Wenn man den Raum betritt, reißt die Kuppel mit einem Fresko der Marienkrönung durch die Dreifaltigkeit, den Blick des Betrachters einmal nach oben. Danach fällt der Thronbaldachin mit den Sessel für die Majestäten in den Blick, um sich später über den teppichbelegten Boden zur Nische des Hauptaltares fortzubewegen. Dort fängt sich der Betrachter, aber nicht am Altarbild, das vergleichsweise schwach ausgefallen ist, sondern an riesigen Engelsgestalten, die Luster in ihren Händen halten.

Riesige Engelsgestalten flankieren auch Kelch und Hostienrelief am Gurtbogen über dem Altarraum und die abschließende Gesimse, die das Deckenfresko vom Kuppelrand trennen. Diese Stuckengel sind ernster gestaltet als in hochbarocker Zeit und erwecken durch ihre bewegten Körperformen den Eindruck, dass sie vom Himmel direkt hereingeweht wurden. Das Kuppelgemälde mit der Aufnahme Mariens in den Himmel kann auch jeden Wettstreit mit einheimischen Barockmalern aufnehmen.
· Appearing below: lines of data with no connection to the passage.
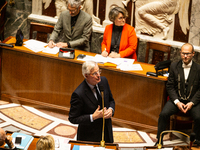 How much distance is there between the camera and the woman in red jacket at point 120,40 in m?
4.88

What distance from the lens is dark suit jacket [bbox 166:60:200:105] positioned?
413 centimetres

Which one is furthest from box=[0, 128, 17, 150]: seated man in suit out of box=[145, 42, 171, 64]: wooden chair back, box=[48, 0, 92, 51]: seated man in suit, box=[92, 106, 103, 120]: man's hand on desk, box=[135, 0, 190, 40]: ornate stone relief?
box=[135, 0, 190, 40]: ornate stone relief

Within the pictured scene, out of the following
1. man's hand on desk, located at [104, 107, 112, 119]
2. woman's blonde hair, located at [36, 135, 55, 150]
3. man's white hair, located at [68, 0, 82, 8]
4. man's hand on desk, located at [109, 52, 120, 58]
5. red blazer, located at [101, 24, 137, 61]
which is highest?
man's white hair, located at [68, 0, 82, 8]

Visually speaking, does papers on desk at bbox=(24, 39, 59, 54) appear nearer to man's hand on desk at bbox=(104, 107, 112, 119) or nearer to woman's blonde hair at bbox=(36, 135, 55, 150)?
man's hand on desk at bbox=(104, 107, 112, 119)

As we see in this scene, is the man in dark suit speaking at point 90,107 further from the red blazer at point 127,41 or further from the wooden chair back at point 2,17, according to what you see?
the wooden chair back at point 2,17

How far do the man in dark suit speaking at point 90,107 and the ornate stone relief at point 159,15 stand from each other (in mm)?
2994

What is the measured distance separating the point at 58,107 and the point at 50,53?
3.05 ft

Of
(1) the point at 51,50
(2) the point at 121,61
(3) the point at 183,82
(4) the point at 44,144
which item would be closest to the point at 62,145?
(4) the point at 44,144

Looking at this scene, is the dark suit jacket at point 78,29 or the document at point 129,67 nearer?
the document at point 129,67

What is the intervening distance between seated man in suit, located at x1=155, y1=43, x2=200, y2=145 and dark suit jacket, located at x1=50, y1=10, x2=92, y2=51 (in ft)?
5.89

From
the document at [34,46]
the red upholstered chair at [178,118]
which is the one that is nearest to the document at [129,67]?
the red upholstered chair at [178,118]

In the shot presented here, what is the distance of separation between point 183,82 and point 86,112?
1.82 meters

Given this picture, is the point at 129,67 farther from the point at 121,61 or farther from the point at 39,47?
the point at 39,47

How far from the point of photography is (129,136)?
4.48 m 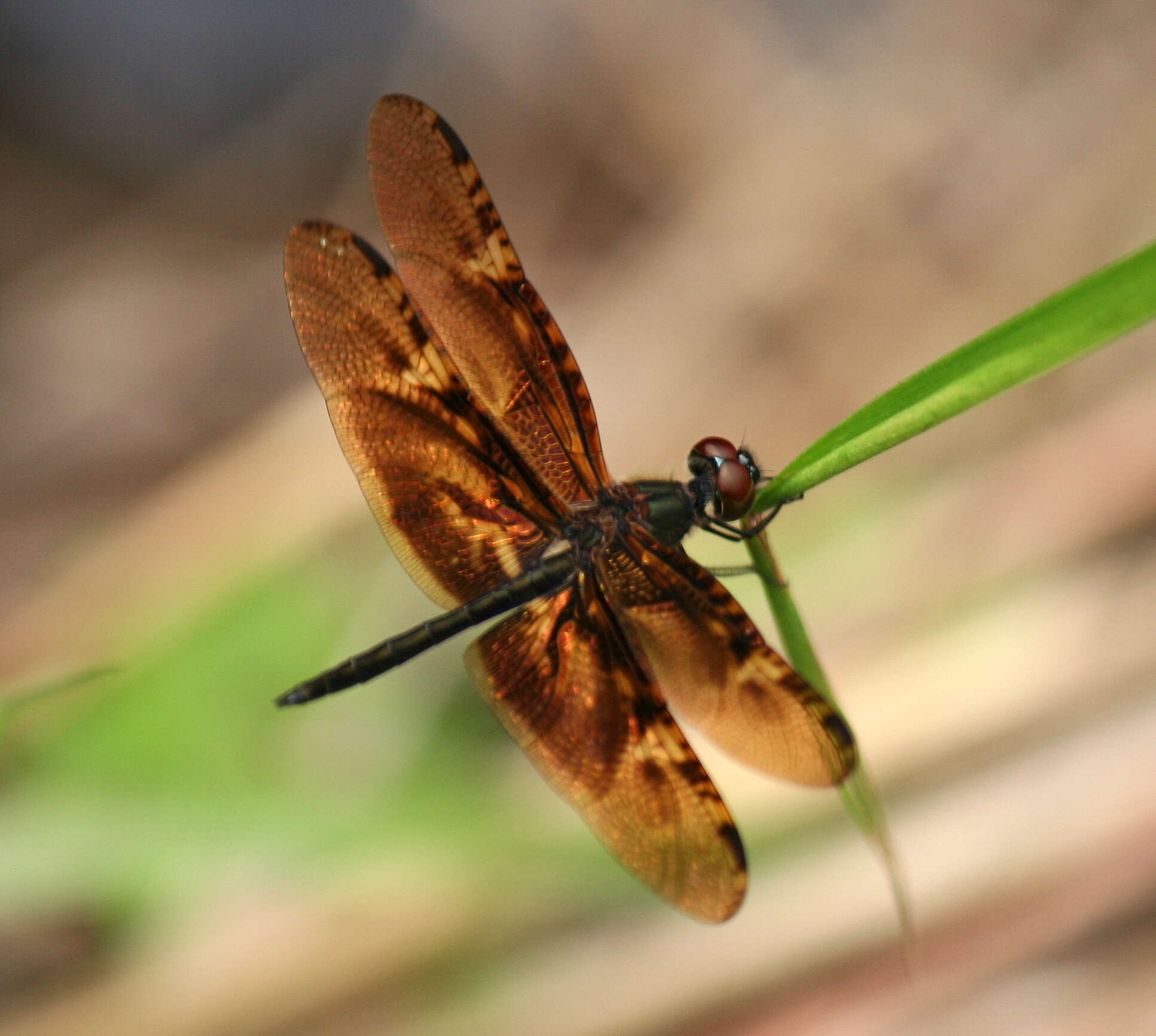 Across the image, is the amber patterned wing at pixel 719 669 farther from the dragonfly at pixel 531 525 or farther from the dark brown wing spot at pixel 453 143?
the dark brown wing spot at pixel 453 143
Alles in allem elegantester Prunk! Und der italienische Meister, der alle Gesimse an den Gurtbögen der Gewölbeansätze alle Fresken im Obergeschoß der Kapelle erdacht hat, heißt Corrado Giaquinto.

Der Detailreichtum und die Großartigkeit der königlichen Kapelle beeindruckt mich zutiefst und ich beschließe mit meiner Besichtigung Schluss zu machen. Doch ich werde meinen Vorsatz bald revidieren. In die Galerie hinein öffnen sich noch einige schlichter gestaltete Privaträume, ein holzvertäfelter Billardraum, ein Rauchzimmer und das Arbeitszimmer der Königin. Das Arbeitszimmer der Königin ist mit intarsierten Empiremöbel ausgestattet, die auf einem wunderschönen Marmorboden ruhen, während die Wände mit fein gezeichneten Blumenornamenten geschmückt sind. Hier wäre gut arbeiten, denke ich noch, bevor ich mich aufraffe, um doch noch einen kurzen Spaziergang durch die Königliche Apotheke zu machen, wo wunderschöne Standgefäße zu sehen sind und ein altes Laboratorium.

        

Im Shop erstehe ich einen Museumsführer und bemerke ein Foto von der königlichen Waffensammlung. Da ich schon viele Waffensammlungen gesehen habe und keineswegs besondere Freude an Sälen voller Gewehre oder Säbeln habe, meinte ich, diese Waffensammlung entbehren zu können. Doch das Foto belehrt mich eines Besseren und so stapfe ich hinüber zu den Räumen, wo die königlichen Rüstungen untergebracht sind.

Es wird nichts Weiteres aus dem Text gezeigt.